District 202’s finance team presented unaudited year‑end financials to the Board’s site and finance committee on Aug. 20, reporting overall revenues and expenditures close to budget but flagging an evidence‑based funding (EBF) tier change that will reduce expected state revenue next year.
Finance staff said year‑to‑date revenue was about $451 million (unaudited) with a favorable variance of $4.6 million. Local sources were reported at $261.7 million (favorable $3.7 million), state revenue about $152 million (unfavorable $9.26 million versus budget), and federal revenue about $18.5 million (favorable $1.8 million). Staff cautioned all figures are unaudited and subject to audit adjustments.

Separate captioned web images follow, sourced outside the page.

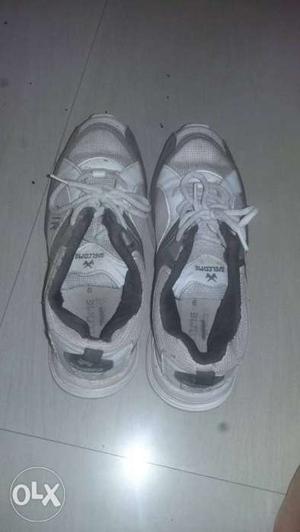 Oxygen running shoes, for both men and women.Size 6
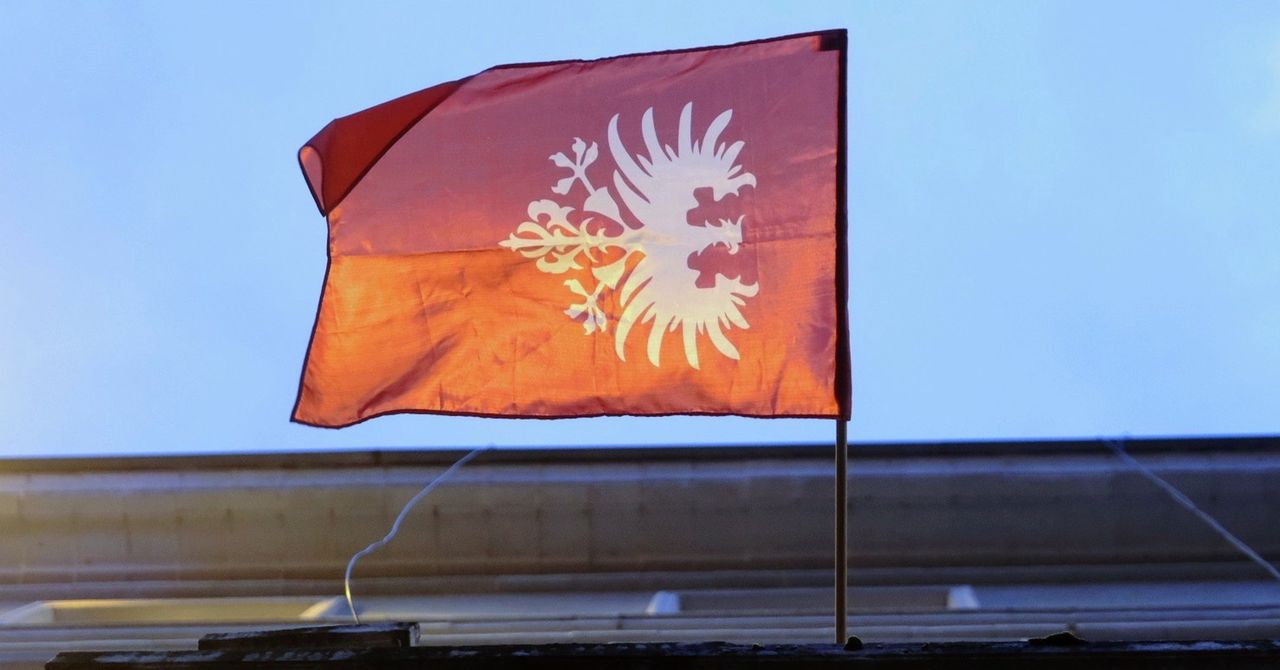 Poznań: Tysiące darmowych powstańczych flag z okazji 107. rocznicy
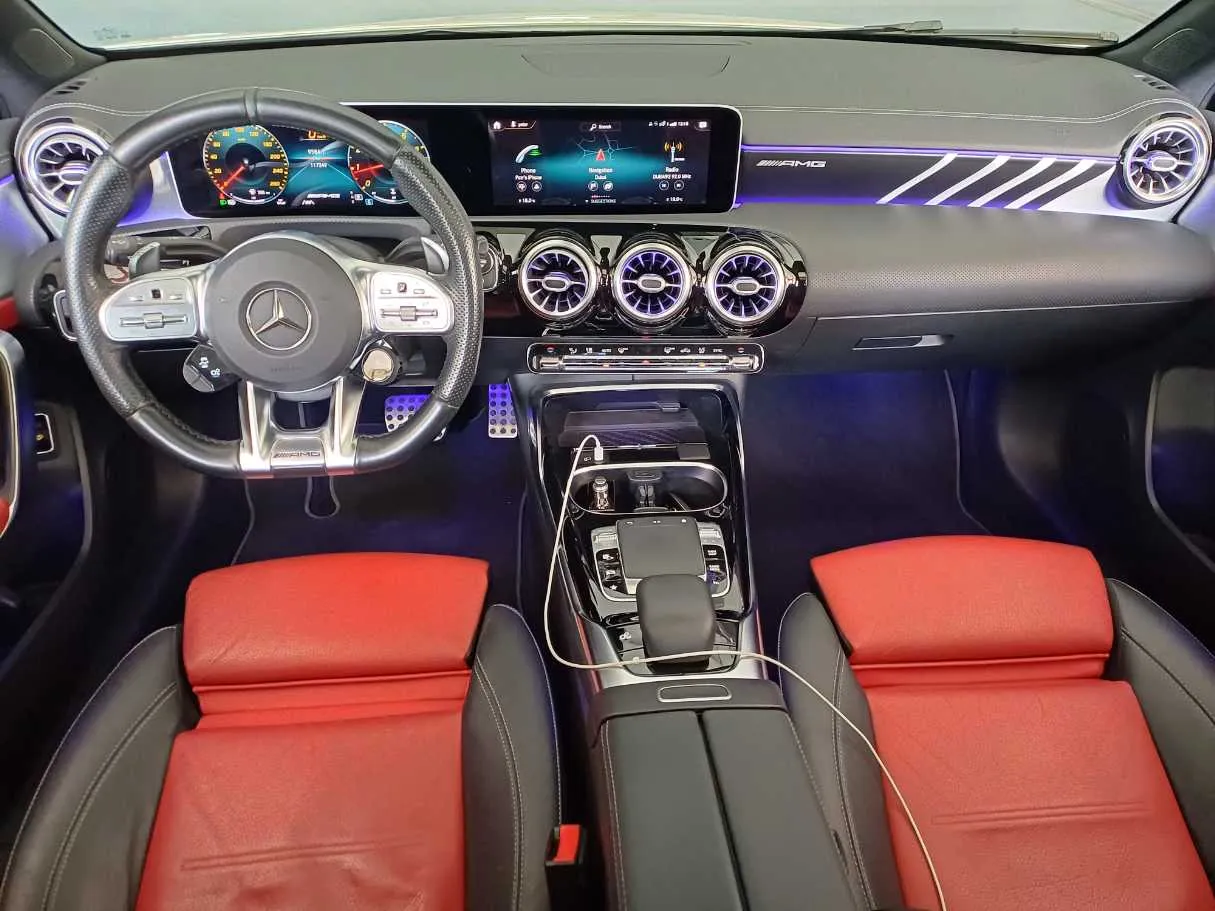 Car image 16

On expenditures, staff reported total spending of about $452.2 million, approximately $8.5 million more than budgeted; personnel and purchased services drove major variances. Staff explained some large variances were timing or account‑coding offsets (for example, technology purchases budgeted in equipment vs. purchases coded to services), and that transportation billing timing created a late spike in pupil‑transportation costs.
Finance staff told the committee they had budgeted a larger EBF payment for the coming year based on prior trends, but an email from the state education funding support group indicated the district will be classified as a Tier 2 district rather than Tier 1 for EBF. Staff said that change will lower projected state receipts and that they will analyze possible expenditure adjustments over the next months to keep fund‑balance targets in range.
Staff reviewed fund‑balance strategy and said the district has been intentionally using reserves to bring employee pay toward targeted percentiles while keeping a planned variance target (1–2% of budget). The presentation included monthly financial packs, treasurer’s reports and details by fund; staff will return with recommendations if budget reductions are needed.
No formal budget revision was adopted at the meeting; the committee received the unaudited report and planned follow‑up analysis.